Secondo le intenzioni degli autori il manuale deve essere interpretato come un tentativo di limitare il potenziale distruttivo delle operazioni di cyberwarfare attraverso il loro inquadramento nell’ambito del diritto internazionale dei conflitti armati vigente.

Queste definizioni non risolvono il problema centrale: quando l’attacco cibernetico raggiunge un’intensità tale da poter essere considerato uso della forza?

Nel manuale viene proposta una lista di parametri che dovrebbero essere presi in considerazione per giungere ad una soluzione. Inoltre, considerare un attacco cibernetico alla stregue di un attacco militare “classico” comporta conseguenze giuridiche precise: tra queste, una delle più rilevanti, è il riconoscimento allo Stato aggredito del diritto di reagire con la forza quando l’attacco cibernetico raggiunge il livello di conflitto armato.

Il Manuale del 2013 è stato aggiornato e ampliato nel 2017: la nuova versione si integra la precedente con sezioni dedicate specificatamente alla responsabilità degli Stati, al diritto del mare e al diritto internazionale delle telecomunicazioni.

Per quanto possa essere davvero disinteressato il lavoro degli esperti che hanno lavorato alle due versioni del Manuale, rimane il fatto che il risultato del loro sforzi è avvertibile come “NATO-centrico”, non esprimendo le diverse interpretazioni e sensibilità di attori internazionali fondamentali come Cina e Russia.
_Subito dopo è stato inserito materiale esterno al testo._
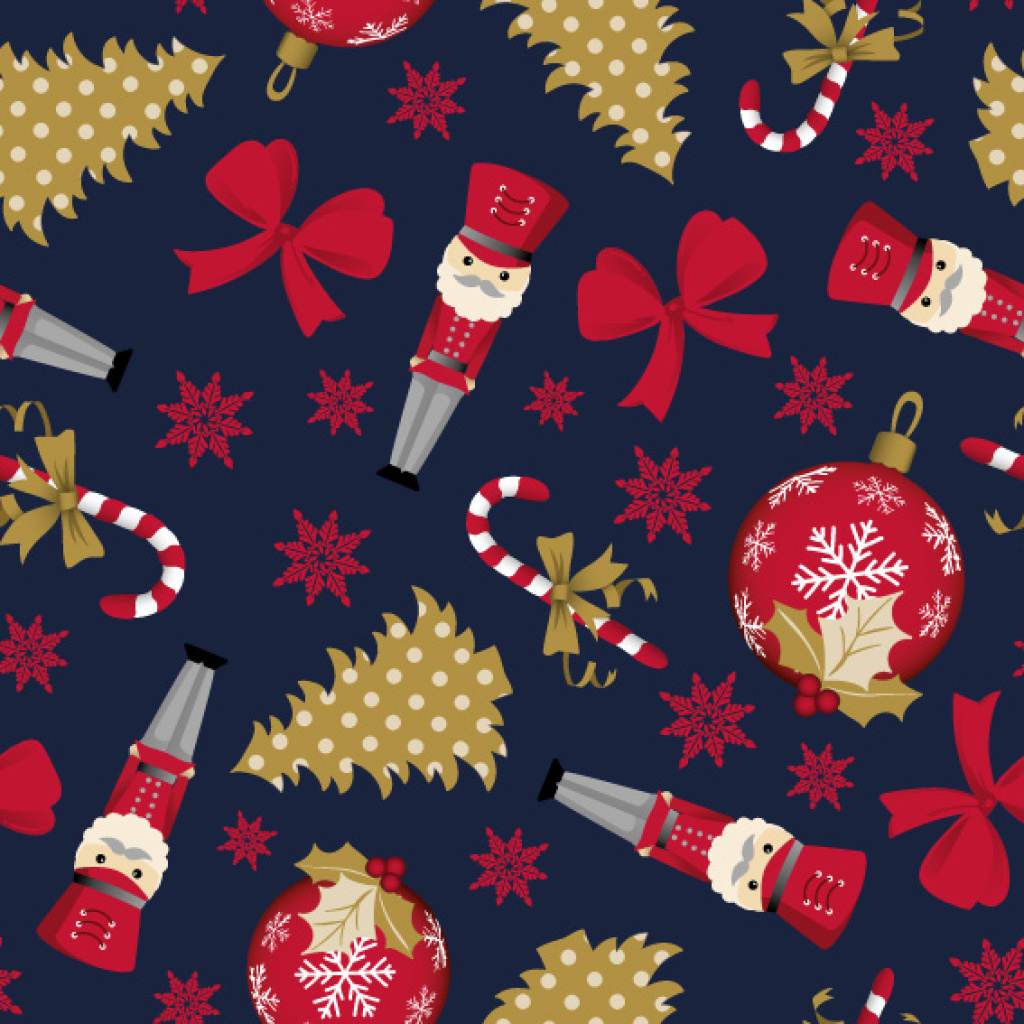 Papierrol  - Kerst - notenkraker – 50cm x 100m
Questa problematicità è senz’altro acuita dalla consonanza del Manuale con gli obiettivi fissati dalla Cyber Strategy elaborata dal Dipartimento di difesa Statunitense negli ultimi i anni: NATO e Stati Uniti infatti sostengono unanimemente non soltanto che il diritto internazionale si applichi al cyberspace ma anche che la difesa di quest’ultimo sia inclusa tra i doveri di difesa collettiva per i quali è stata istituita l’alleanza.

E se dietro la maggioranza di attacchi cibernetici ci sono ancora gli Stati Nazionali, numerosi sono i casi di operazioni ricollegabili a entità non statuali e, in particolare, a organizzazioni terroristiche. In questo senso si parla ormai da alcuni anni di “cyberterrorism” ad indicare gli attacchi che sfruttano le tecnologie informatiche al fine di generare paura o intimidire una società ritenuta nemica sulla base di un giudizio ispirato a una precisa ideologia.

Dietro alle difficoltà di qualificazione giuridica di queste operazioni si trova il valore politico che simili scelte rivestono: includere un determinato soggetto o un ente collettivo nell’elenco dei “nemici cibernetici dell’umanità” o nella lista nera degli “hacker- canaglia” è un atto che non rientra nella competenza della scienza giuridica.